I messed up my elbow ~6 months ago (I think from pushdowns), but I've managed to mostly work around it for all muscle groups EXCEPT my lats... I can't do any sort of pull downs without feeling some pain. Fortunately it's not debilitating, but still sucks
Boom, I knew you would say lighter loads. I've been doing this and can confirm, at 43 years of age, I have less joint issues than I had in my late 20s.
@BozskaCastica yeah same here, and the feeling sucks when you can't get a solid bicep routine. For a while, I was doing pinwheel curls, and I managed to get pretty good results but came across the Hoist cable curl machine, and it's amazing! I've been training a little under twenty years, so some wear and tear is bound to happen but hasn't stopped me.
For me, I got really strong on tricep pushdowns as I was training with my best friend again (huge social gains). Now I'm in my third month of recovering my elbows as I got too strong too fast on the tricep pushdown. Recently switched to rope 'push'downs, way less elbow discomfort, and with kickbacks and OH tricep extensions, ZERO elbow discomfort. There's always a way.
Nice video on the topic. I would also add something, I find isometric contractions to be great for tendons and tendonitis, especially yelding isometrics for long time under tension, very useful. One more thing I prefer light band over light weights as in the stretched position tend to be more gentle on the joint
Can you do something similar regarding shoulder pain when training delts? Particularly tips on recovering from rotator cuff injuries would be appreciated.

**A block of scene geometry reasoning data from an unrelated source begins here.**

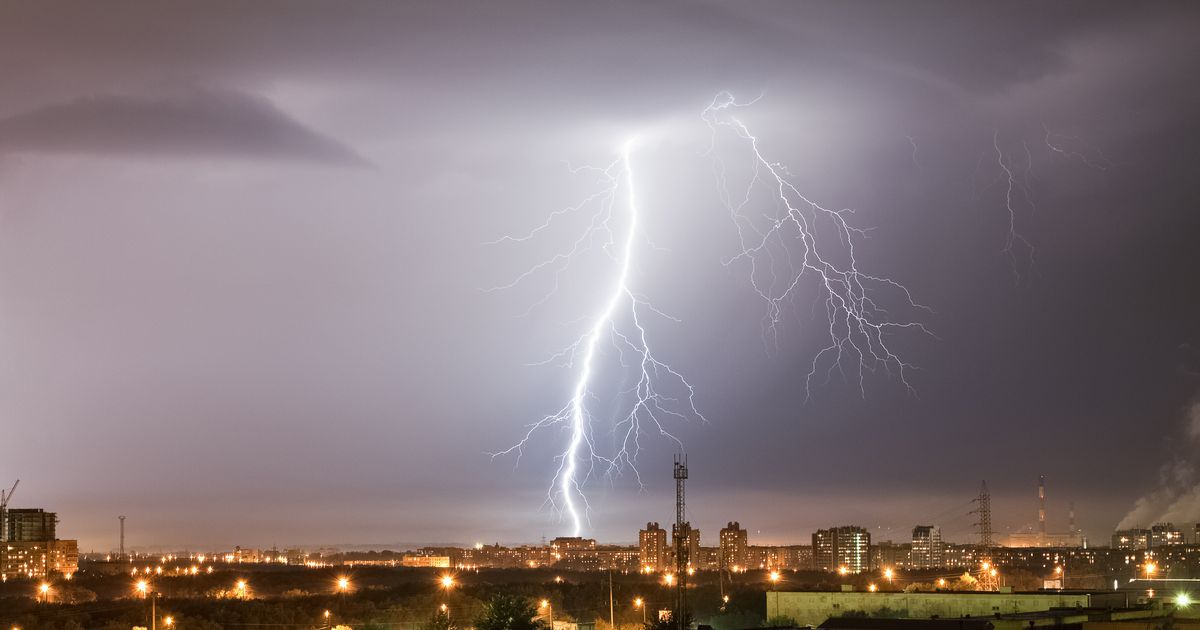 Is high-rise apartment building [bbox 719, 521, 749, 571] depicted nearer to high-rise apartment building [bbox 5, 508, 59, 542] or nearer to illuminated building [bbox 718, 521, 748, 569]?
illuminated building [bbox 718, 521, 748, 569]

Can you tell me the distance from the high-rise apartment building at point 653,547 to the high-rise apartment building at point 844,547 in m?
24.8

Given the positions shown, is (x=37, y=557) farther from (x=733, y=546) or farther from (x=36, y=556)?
(x=733, y=546)

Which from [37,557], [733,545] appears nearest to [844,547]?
[733,545]

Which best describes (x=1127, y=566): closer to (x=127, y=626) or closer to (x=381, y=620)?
(x=381, y=620)

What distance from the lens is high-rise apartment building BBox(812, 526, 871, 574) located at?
176 meters

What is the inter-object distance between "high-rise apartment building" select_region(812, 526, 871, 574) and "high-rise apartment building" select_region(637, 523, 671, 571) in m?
24.8

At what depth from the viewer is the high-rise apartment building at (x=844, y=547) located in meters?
176

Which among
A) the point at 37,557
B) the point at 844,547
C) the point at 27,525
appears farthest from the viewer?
the point at 844,547

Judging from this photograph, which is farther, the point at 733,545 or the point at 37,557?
the point at 733,545

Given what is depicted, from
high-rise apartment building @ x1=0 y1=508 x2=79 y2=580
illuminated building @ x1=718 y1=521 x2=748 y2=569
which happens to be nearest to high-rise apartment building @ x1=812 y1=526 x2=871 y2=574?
illuminated building @ x1=718 y1=521 x2=748 y2=569

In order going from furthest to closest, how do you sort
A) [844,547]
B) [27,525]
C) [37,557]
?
[844,547] < [27,525] < [37,557]

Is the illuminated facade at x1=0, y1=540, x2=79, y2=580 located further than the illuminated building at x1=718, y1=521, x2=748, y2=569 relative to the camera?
No

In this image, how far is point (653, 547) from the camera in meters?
170

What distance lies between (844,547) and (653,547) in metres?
29.4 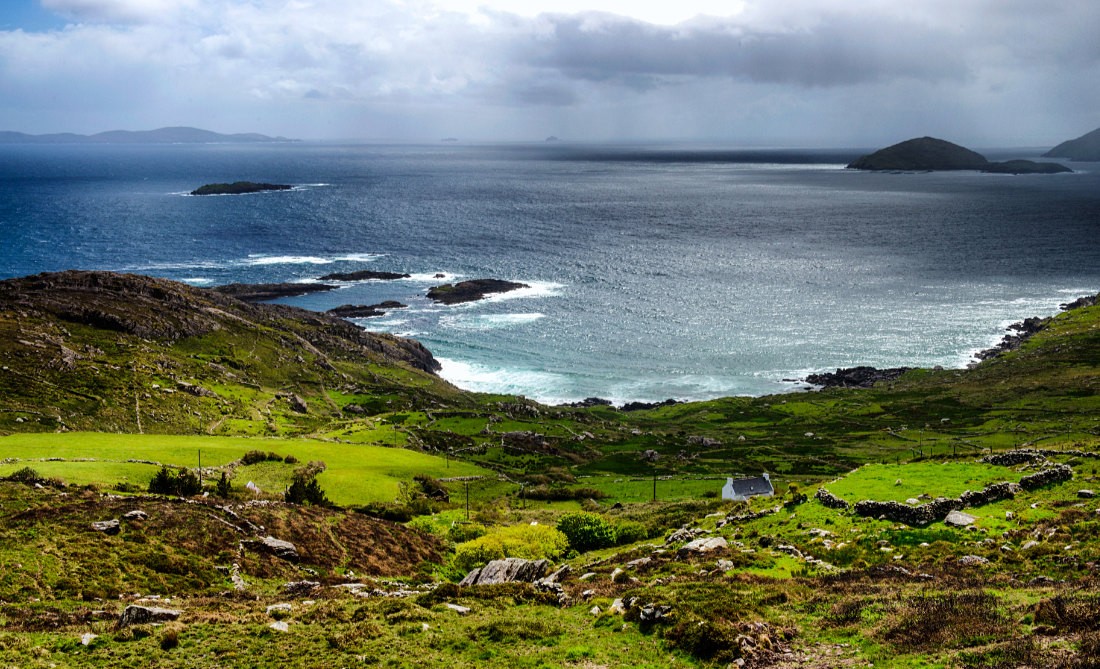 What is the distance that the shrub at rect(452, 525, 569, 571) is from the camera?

I have exactly this, and is getting better while I'm continuing lifting, what I have been doing is an anti inflammatory diet, or rather saying, a PMSF diet, so only protein and practically nothing else, since fat and carbs inflame the body, also as you say in your video, the slow controlled tempo and with ROM just before I feel pain, and perfect, no pain, I also use those elbow compressors, and with that, now I can lift as heavy as always, but with same slow controlled technique, so is getting better, So from next week I will incorporate again carbs and fats. Best
I did weighted chin ups adding weights every single week until I hit 50lbs and that’s where i started developing pain around the forearm and elbow. It’s been a month dealing with the pain. :(
Might want to back off on the frequency, and or use other similar exercises with a different grip for a meso-cycle or two. It’s better than the other option: exacerbating your elbow and forearm pain
I think the 70 % of 1 RM treshold to cause adaptations in the tendons argument is usually applied the other way; you should go lower in reps to make sure that you make your tendons stronger. I would think this should especially be important for training the achilles tendon for runners and the patellar tendon for basketball players. For instance S & C coach Jake Tuura seems to train his patellar tendons super heavy with high frequency but few sets each time to be able to play basketball. On the other hand going very high in repetitions could be beneficial for "pumping" blod into the tendons. I would guess that the best for tendons would be a mix of doing >= 25 repetions (warm up and cool down) and doing
Long term, you want some heavy lifting in there, indeed, but when you already have pain, heavy lifting is generally a no go. You don't need to stimulate more adaptations. The tissue is already going to remodel on its own if you just let it heal.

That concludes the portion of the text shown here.